-- EXERCISE GOAL --
Please return the listing below word for word, minus its pictures.

-- DATA PROVIDED --
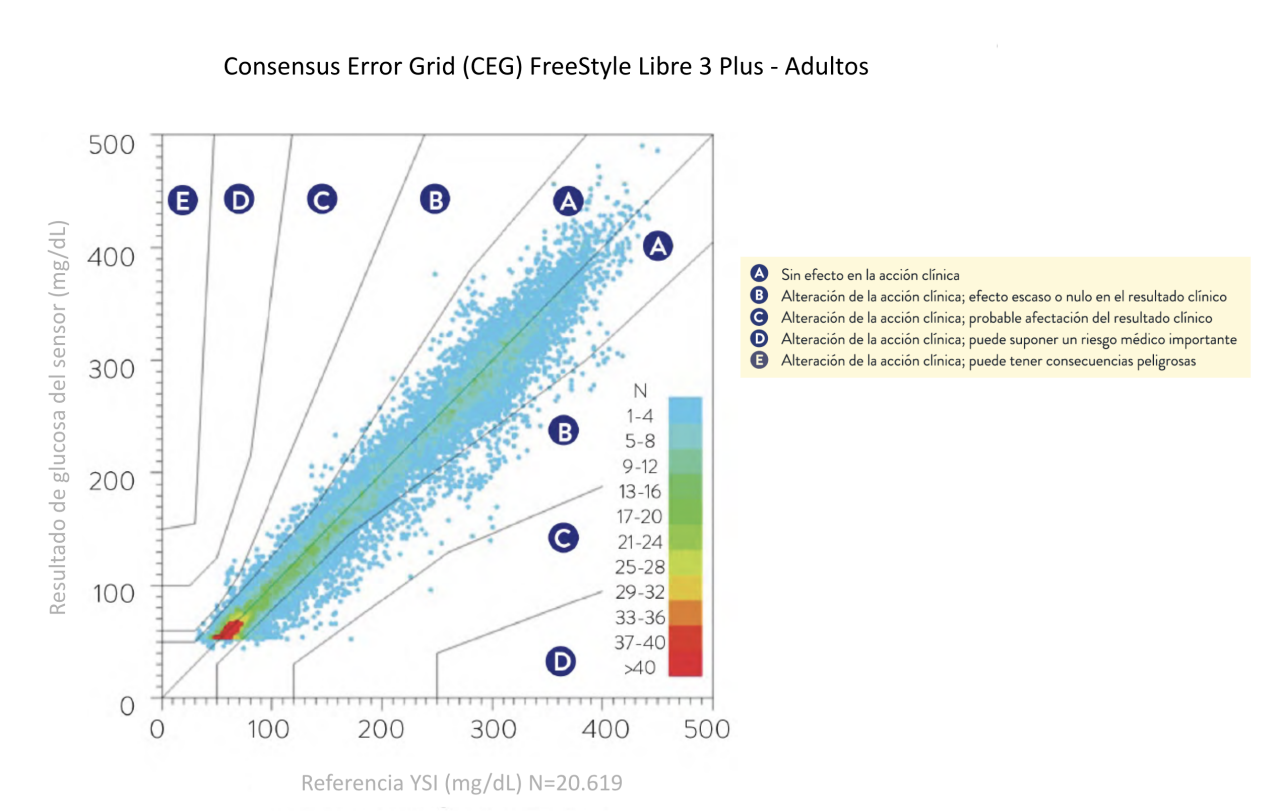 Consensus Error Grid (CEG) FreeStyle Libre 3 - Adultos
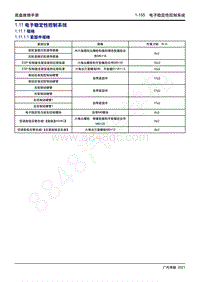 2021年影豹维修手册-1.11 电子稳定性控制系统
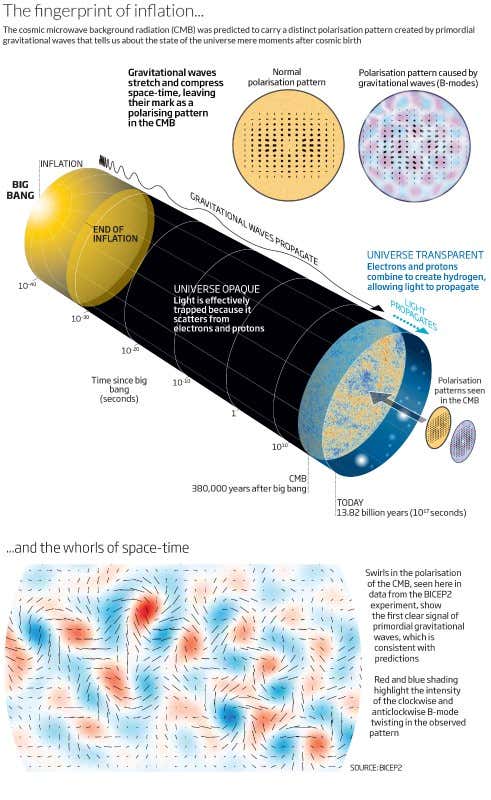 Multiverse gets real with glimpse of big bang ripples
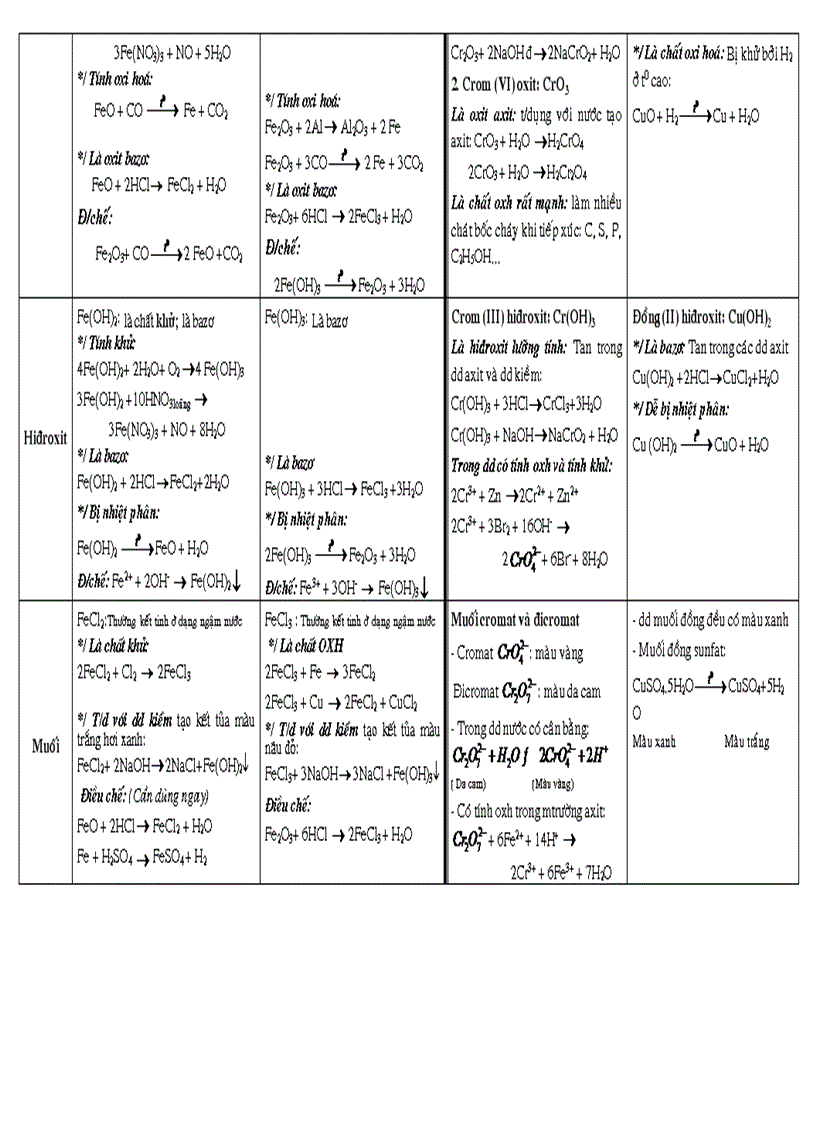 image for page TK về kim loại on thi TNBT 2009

-- YOUR RESPONSE --
 Consensus Error Grid (CEG) FreeStyle Libre 3 - Adultos
 2021年影豹维修手册-1.11 电子稳定性控制系统
 Multiverse gets real with glimpse of big bang ripples
 image for page TK về kim loại on thi TNBT 2009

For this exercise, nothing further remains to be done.